Os telepastores e o artigo 171

Além de serem réus em vários processos por crimes de lavagem de dinheiro, evasão de divisas e estelionato na Justiça paulista, que já acolheu o pedido de prisão preventiva encaminhado pelo Ministério Público (MP) estadual, os fundadores da Igreja Renascer em Cristo, o ‘apóstolo’ Estevam Hernandes Filho e a ‘bispa’ Sônia Haddad Hernandes, agora estão às voltas com a Justiça americana, acusados de crime de falsidade ideológica e contrabando de papel-moeda. Os dois foram detidos no Aeroporto de Miami com US$ 56 mil escondidos na bagagem, após terem afirmado às autoridades aduaneiras que levavam menos de US$ 10 mil.
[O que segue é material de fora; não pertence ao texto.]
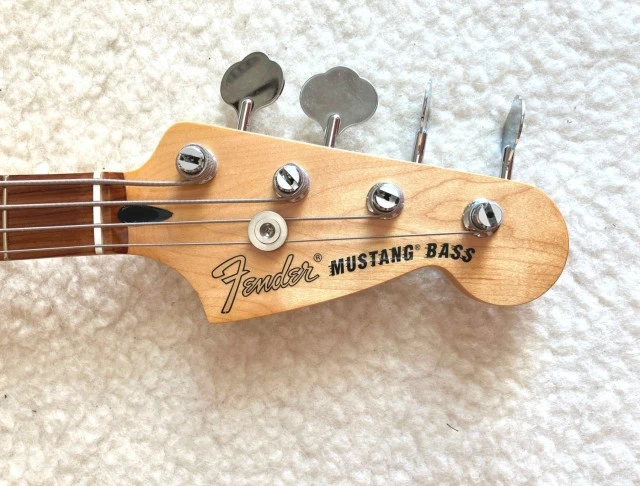 Fender Mustang Bass PJ PF AGN (Short Scale)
A prisão foi noticiada pelas redes mundiais de tevê, como a CNN, a Fox e a CBS, e pelos principais jornais americanos, como The New York Times e o Los Angeles Times. Este último descreveu a Renascer como ‘uma dessas igrejas que existem para enriquecer seus donos’, oferecendo ‘promessas vagas de salvação e fé’. A ‘bispa’ e o ‘apóstolo’ se encontram em celas separadas numa prisão da Flórida. Se a denúncia-crime for acolhida pela Justiça e forem considerados culpados, no julgamento de mérito, poderão ficar presos por até cinco anos. Eles também podem ser extraditados para o Brasil, onde terão de aguardar na cadeia o julgamento da Justiça paulista e, também, o da Justiça Federal, pois o MP federal irá processá-los por crime de evasão de divisas.


Carros blindados


A trajetória de Estevam Hernandes e da Renascer em Cristo em nada difere de outros empreendimentos do gênero, como as igrejas Universal do Reino de Deus, do ‘bispo’ Edir Macedo, e a Internacional da Graça de Deus, fundada por seu cunhado, o ‘bispo’ Romildo Soares. As três estão organizadas em moldes empresariais e cresceram recorrendo a técnicas de marketing, utilizando em larga escala o rádio e a televisão. O ‘apóstolo’ Estevam foi funcionário da área de marketing de grandes empresas e, a exemplo de Macedo e Soares, também se apresenta como ‘televangelista’.


A Renascer, dos Hernandes, é proprietária da Rede Gospel e de uma torre de transmissão em São Paulo. Macedo é dono da TV Record. E Soares, que ocupa boa parte do horário nobre da TV Bandeirantes, é proprietário da Rede Internacional de Televisão, com 35 retransmissoras, e está preparando o lançamento de uma tevê paga por satélite com canais evangélicos. Além de levarem uma vida faustosa, oposta ao que pregam, os três telepastores têm em comum o objetivo de expandir suas atividades no exterior. A Universal atua na África e na Europa. A Graça de Deus tem templos no Japão e negocia a transmissão do Show da Fé com emissoras árabes. E Hernandes vinha investindo nos EUA.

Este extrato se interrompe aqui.